Risques pandémiques liés à l’activité humaine et au réchauffement climatique

Source de biens et de services, la biodiversité nous apporte de l’oxygène, de la nourriture, des médicaments, des matières premières et permet la pollinisation, la fertilisation des sols, l’épuration de l’eau et la prévention des inondations. « Modifier des régions par la déforestation, ou par la conversion de terres pour l'élevage, l'agriculture ou la construction augmente la fréquence et l'intensité des contacts entre l'humain et la faune sauvage, et crée les conditions idéales pour des transferts viraux », note Christine K. Johnson, chercheure à l'école vétérinaire de l'Université de Californie. Avec ses collègues, elle a étudié 142 cas de zoonoses virales qu’elle a croisés avec les listes de l'Union internationale pour la conservation de la nature et des espèces en danger. « Parmi les espèces sauvages menacées, celles dont les populations sont en baisse en raison de l'exploitation et de la perte d'habitat partagent plus de virus avec les humains, précise-t-elle. Nos données illustrent la manière dont l'exploitation de la faune sauvage et la destruction de l'habitat naturel sous-tendent les transferts de maladies, nous confrontant au risque de maladies infectieuses émergentes ».

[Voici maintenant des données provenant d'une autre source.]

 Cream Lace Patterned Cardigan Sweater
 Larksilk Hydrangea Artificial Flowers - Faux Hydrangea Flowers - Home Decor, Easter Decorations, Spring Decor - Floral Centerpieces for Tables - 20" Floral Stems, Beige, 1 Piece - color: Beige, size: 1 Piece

Modifier des régions par la déforestation, ou par la conversion de terres pour l'élevage, l'agriculture ou la construction augmente la fréquence et l'intensité des contacts entre l'humain et la faune sauvage, et crée les conditions idéales pour des transferts viraux.

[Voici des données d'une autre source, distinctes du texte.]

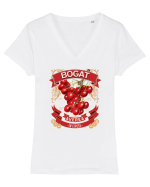 Bogat, Averea în Cireșe Tricou mânecă scurtă guler V Damă Evoker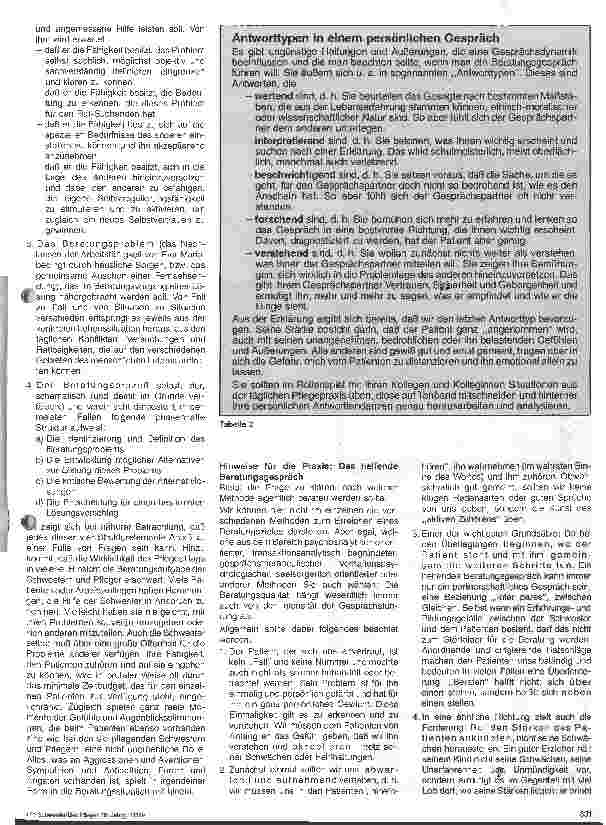 Vorschauseite 4: Überlegungen zur Beratungsaufgabe der Krankenschwester Pädagogische Aspekte der Krankenpflege 12. Folge (Schluß)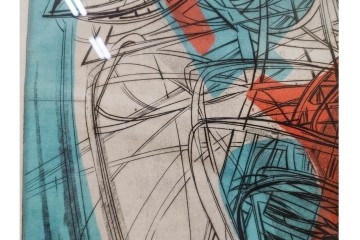 真作　サイン入り　1957年スタンリー・ウィリアム・ヘイター(Stanley William Hayter)作　「Combat Sous Marin」　銅板画　外箱付き　(R-084978)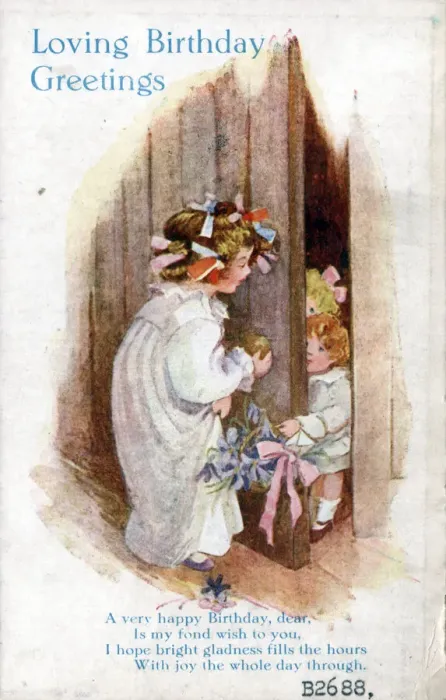 Framed Print : Little girl with younger siblings on a birthday postcard Date: circa 1918 Framed Print : Little girl with younger siblings on a birthday postcard Date: circa 1918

Christine K. Johnson, Université de Californie

Le dérèglement climatique à l’échelle planétaire facilite également l’émergence et la diffusion des agents pathogènes. Sous l’effet du réchauffement climatique, le dégel de zones de pergélisol (ou permafrost) composées de glaces et de matières organiques, en Alaska, au Canada et en Russie, pourrait libérer des virus et des bactéries enfouis dans la glace depuis plus de 30 000 ans. À la faveur d’activités de forages pétroliers ou gazéifères, des agents pathogènes que l’on pensait éradiqués, pourraient alors ressurgir, tels que l'anthrax, la variole ou encore la grippe espagnole. « C’est en mettant en présence la population humaine avec des réservoirs auxquels elle n’a pas l’habitude d’être confrontée, que peut se produire le franchissement des barrières d’espèces de virus dormants dans un réservoir animal naturel », confirme Manuel Rosa-Calatrava, directeur de recherche à l'Inserm, lors de la table-ronde « Virus émergents et nouvelles maladies », menée cette année par l’Inserm et Science et Avenir. « Du fait de leur potentiel à muter, on offre ainsi à ces virus la possibilité d’infecter un hôte nouveau, de revivre et de se disséminer au niveau de la population humaine. »

Le réchauffement climatique favorise aussi l’extension vers les régions tempérées d’insectes hématophages, vecteurs de virus, autrefois cantonnés aux régions chaudes. « Nous assistons à une augmentation notable de l’aire de répartitions de certains moustiques, de type Aedes albopictus par exemple, du fait de l’expansion des gîtes propices à leur développement. Ceci pourrait favoriser le développement des arboviroses dans le sud de l’Europe notamment », appuie Eric d’Ortenzio, médecin épidémiologiste et coordinateur scientifique à l'Inserm.

Prévenir ces risques et moyens d’actions à disposition

Pour prévenir ces risques d’épidémies accentués par le réchauffement climatique, et éviter la déstabilisation de nos systèmes de santé, une surveillance épidémiologique régulière est nécessaire. Chaque année, Santé Publique France coordonne la surveillance saisonnière renforcée du chikungunya, de la dengue et du zika dans les départements métropolitains colonisés par le moustique vecteur, en lien avec les Agences Régionales de Santé concernées.

Le réseau Sentinelles, en collaboration avec Santé Publique France, coordonne également au niveau national la surveillance épidémiologique de 7 maladies infectieuses. Parmi ces maladies, l'indicateur « Syndrome grippaux » a d’ailleurs été interrompu courant 2020 et remplacé par une surveillance plus large des « Infections Respiratoires Aiguës », en raison de l’épidémie de Covid-19. Face à l’épidémie‎, les autorités sanitaires ont aussi mis en place en France en janvier un dispositif de surveillance qu’elles ont réadapté en mars à la circulation plus large du virus, à partir des données des hôpitaux, des Ehpad et des laboratoires de ville.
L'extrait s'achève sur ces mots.